Mahkememizce çek aslı ve evrak asılları üzerinden uzamn bilirkişi vasıtasıyla aldırılan —- tarihli imza incelemesi raporuna çek keşidecisi imzasının şirket yetkilisi —– ait olduğunun tespit edildiği görülmüştür.
—— tarihli kararına delil olarak—- ettiği bölümde —– çeklerin ön yüzlerindeki keşideci imzaları —— şahsın mevcut mukayese imzaları arasında kaligrafik ve grafolojik özellikler yönünden uygunluklar bulunduğu, bahse konu keşideci imzalarının—- isimli şahsı eli ürünü olduğu,
——–seri numaralı çeklerin ön yüzlerindeki keşideci imzaları arasında kaligrafik ve grafolojik özellikler yönünden uygunluklar bulunduğu belirlenmekle, keşideci imzalarının aynı şahıs eli mahsulü olduğu,
——- seri numaralı çeklerin ön yüzlerindeki keşideci imzalarının incelenmesinde, inceleme konusu çeklerin ön yüzündeki keşideci imzalarının bulunduğu bölümde kalem ucu presyonuna bağlı olan ve kağıdın dokusunda meydana gelen —– derinliğinin bulunduğu ve imzayı oluşturan hatlarda mürekkep akışına rastlanıldığının müşahede edilip, bahse konu imzaların mürekkepli kalemle atılı imzalar olduğu tespit edilmiştir.’ davamıza konu çekteki imzanın —–olduğunu belirtmiştir.

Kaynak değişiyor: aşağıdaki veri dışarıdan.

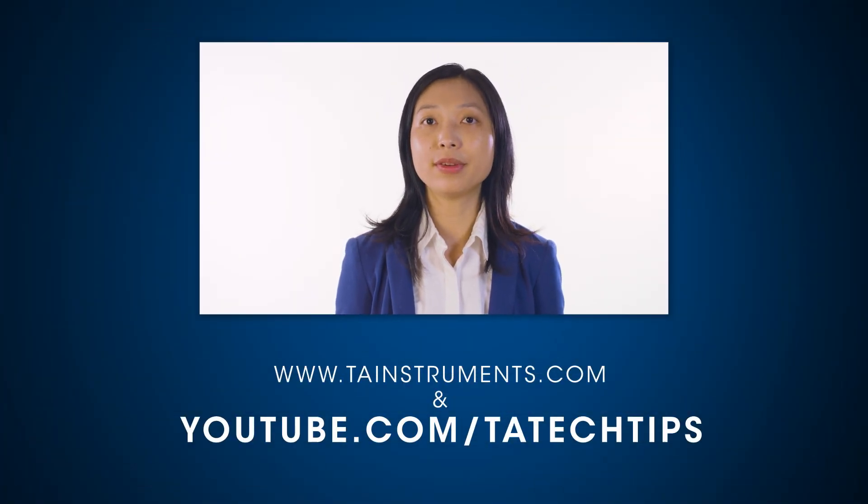In this TA Tech Tip, we covered how to set up the saturated reservoir for the Discovery assay. Please stay tuned for more helpful tips from TA Instruments, and thank you for your interest.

Ayrıca kararın Delillerin değerlendirilmesi bölümünde – sahibi ve yetkilisi olan sanık —— keşidecisi olduğu iddianameye konu çekleri tüm zorunlu unsurları tam olacak şekilde yasaya uygun olarak düzenleyip yukarıda belirtilen sözleşmeler kapsamında —- şirketlerinin sahibi olan diğer sanık —— da ticari ilişkileri kapsamında bu çekleri müşteki şirketlere verdiği, müşteki şirketlerin çekleri tahsil amacıyla bankaya ibraz ettiklerinde çek bedellerinin sanık—– inkarı sebebiyle kendilerine ödenmediği, oysa dosya içerisinde mevcut —- raporda da görüleceği üzere soruşturmaya konu tüm çeklerdeki keşideci imzalarının sanık—— el ürünü olduğunun sabit olduğu, ayrıca soruşturmaya konu çekleri kaybettiğinden bahisle savcılığa şikayette bulunmuşsa da bu çeklerin imzalanan sözleşmeler kapsamında diğer sanığa ait şirketlere verildiğinin şirkete ait kayıtlarda tek tek gösterildiği, bu sebeple sanığın şikayet ile başlatılan soruşturmada da kamu davanın açılmasına yer olmadığına karar verildiği, dolayısıyla tacir olan sanık—— aslında kanuna uygun olarak düzenleyip imzaladığı ve sözleşme kapsamında verdiği çeklerde imza inkarında bulunarak çekleri ödemeden kaçındığı, hatta bununla da yetinmeyip çeklerin kaybolduğunu iddia ederek şikayette bulunduğu bu suretle tacir olan sanığın bu sıfatını kullanarak karşılığını ödemeyeceğini bildiği çekleri ticari faaliyeti kapsamında karşı tarafa vermek suretiyle müştekileri dolandırdığı mahkememizce tespit edilmiş olup bu kapsamda her ne kadar sanığın iddianamede 158/1-l maddesinden cezalandırılması istenmişse de üzerine atılı suçun 158/1-h maddesinde öngörülen tacir kişilerin ticari faaliyetleri kapsamında işledikleri dolandırıcılık suçunu oluşturduğu ve bu maddede öngörülen cezai yaptırımların 158/1-l de öngörülen yaptırımlara göre sanığın daha lehine olduğu dikkate alındığında ek savunma vermeye gerek kalmaksızın aşağıdaki cezalandırılmasına karar verilmiştir. ‘ değerlendirme yapıldığı görülmüştür.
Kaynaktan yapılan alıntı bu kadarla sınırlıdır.